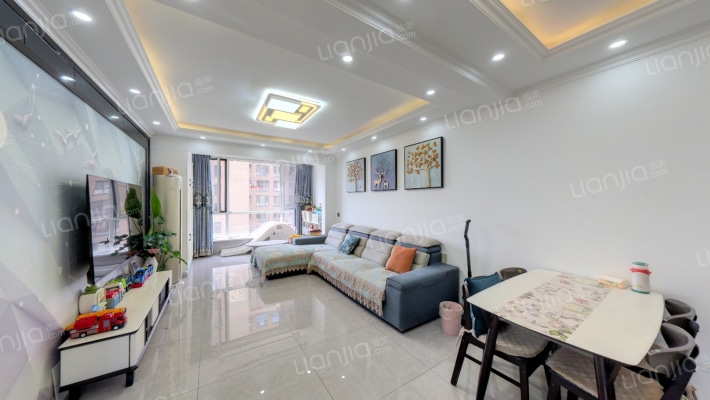 富禹依云蓝湾二手房实景图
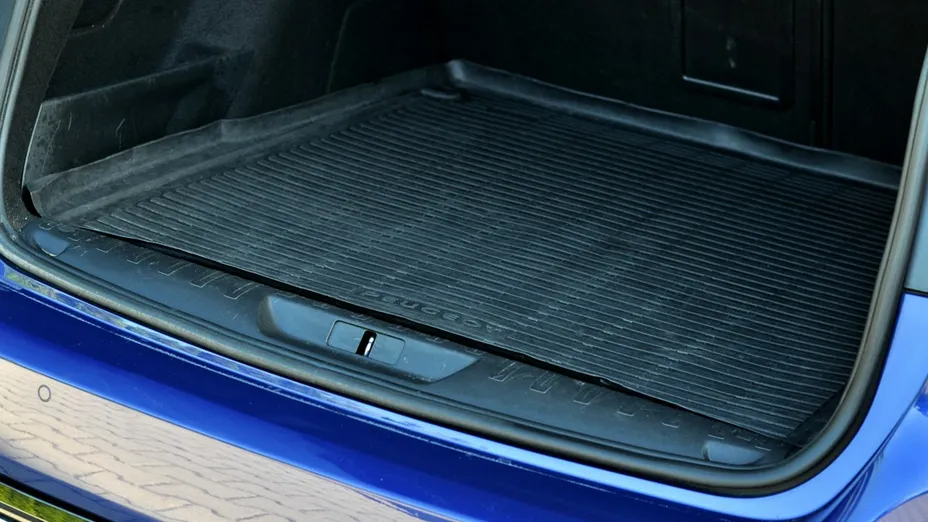 PEUGEOT 308 -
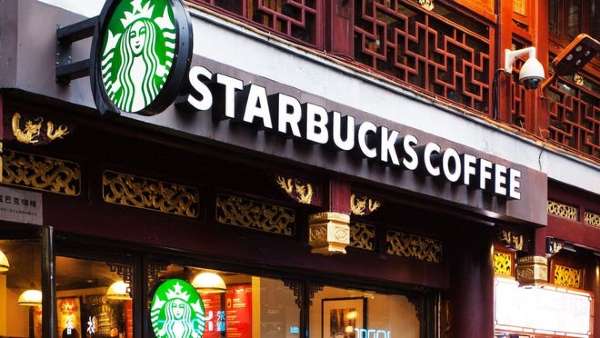 सेंट पॉल सिटी के स्टारबक्स कॉफी शॉप पर 1 जुलाई को गई थी महिला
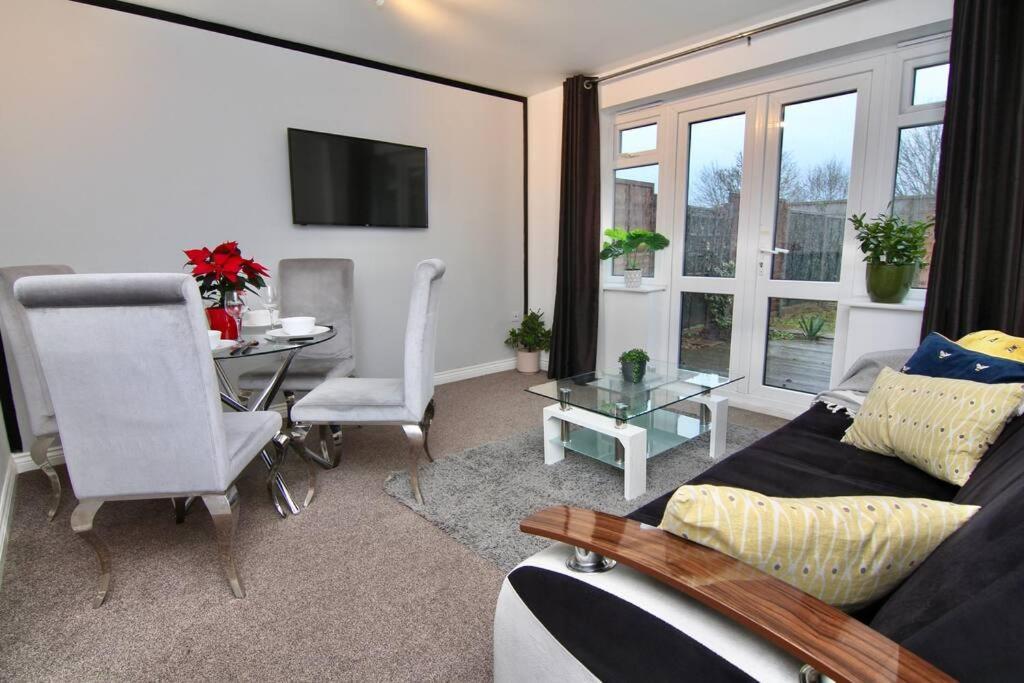 Daimler House - Cosy Home Near Coventry City Centre Eksteriør bilde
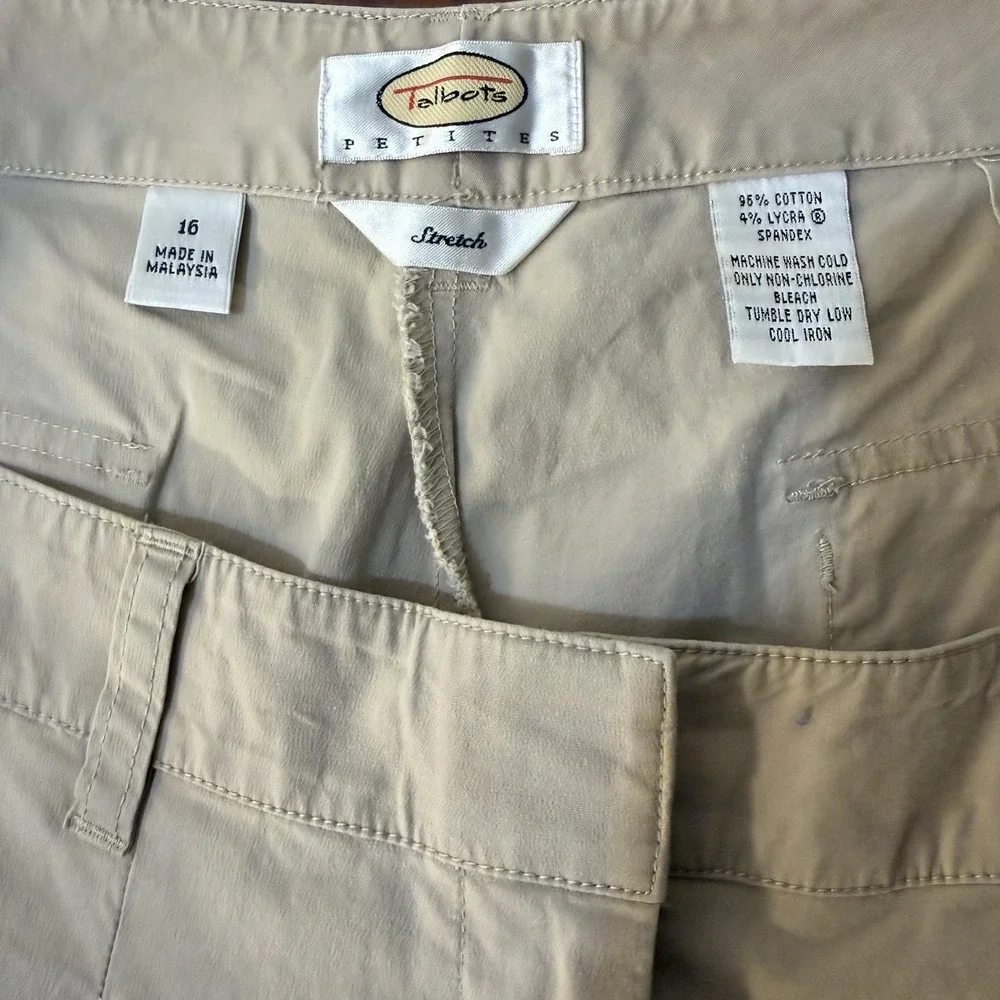 Talbots Women's Safari Shorts Beige 16 Stretch Cuffed Buttons Flat Front Summer‎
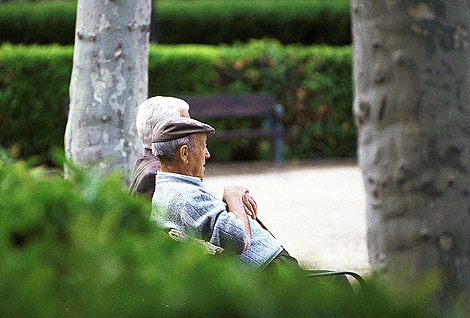 Una pareja de ancianos sentada en un banco de un parque. ( M. Marcos)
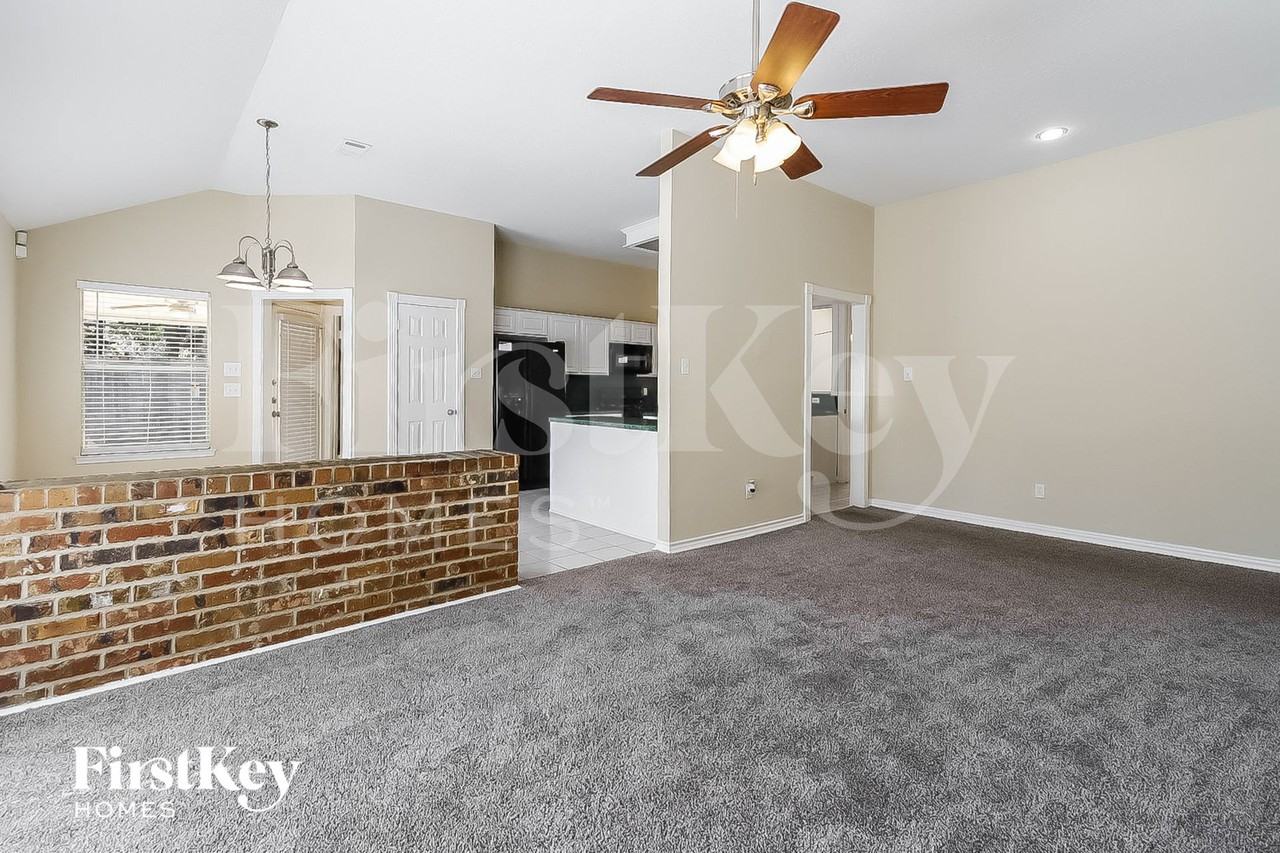 2622 Eagle Nest Ln - Photo 4 of 16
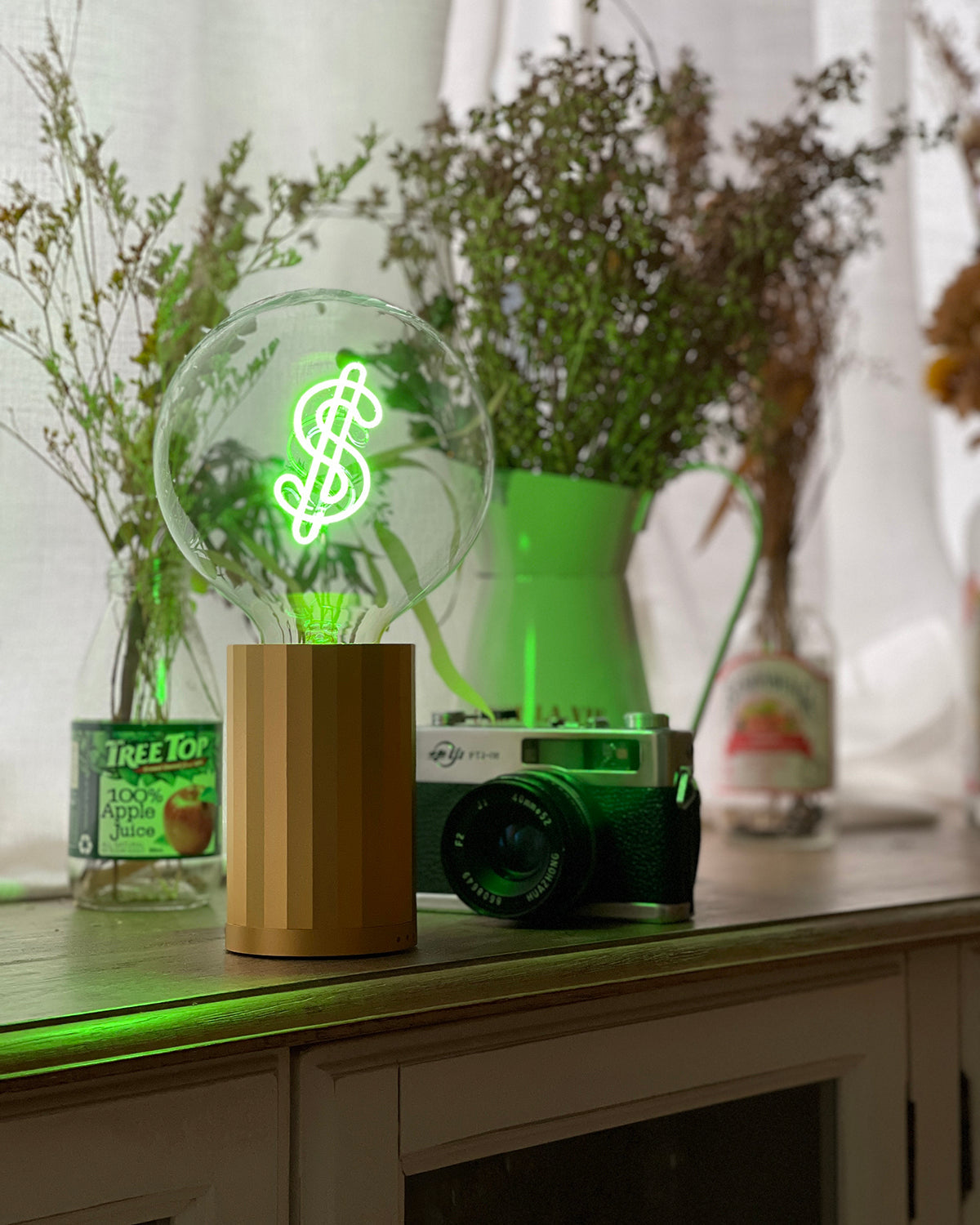 Mitb Bulb Dollar Green With Base Table Lamp Portable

● What the exercise asks
Copy out every line of the material above exactly, skipping the pictures.

● Task output
 富禹依云蓝湾二手房实景图
 PEUGEOT 308 -
 सेंट पॉल सिटी के स्टारबक्स कॉफी शॉप पर 1 जुलाई को गई थी महिला
 Daimler House - Cosy Home Near Coventry City Centre Eksteriør bilde
 Talbots Women's Safari Shorts Beige 16 Stretch Cuffed Buttons Flat Front Summer‎
 Una pareja de ancianos sentada en un banco de un parque. ( M. Marcos)
 2622 Eagle Nest Ln - Photo 4 of 16
 Mitb Bulb Dollar Green With Base Table Lamp Portable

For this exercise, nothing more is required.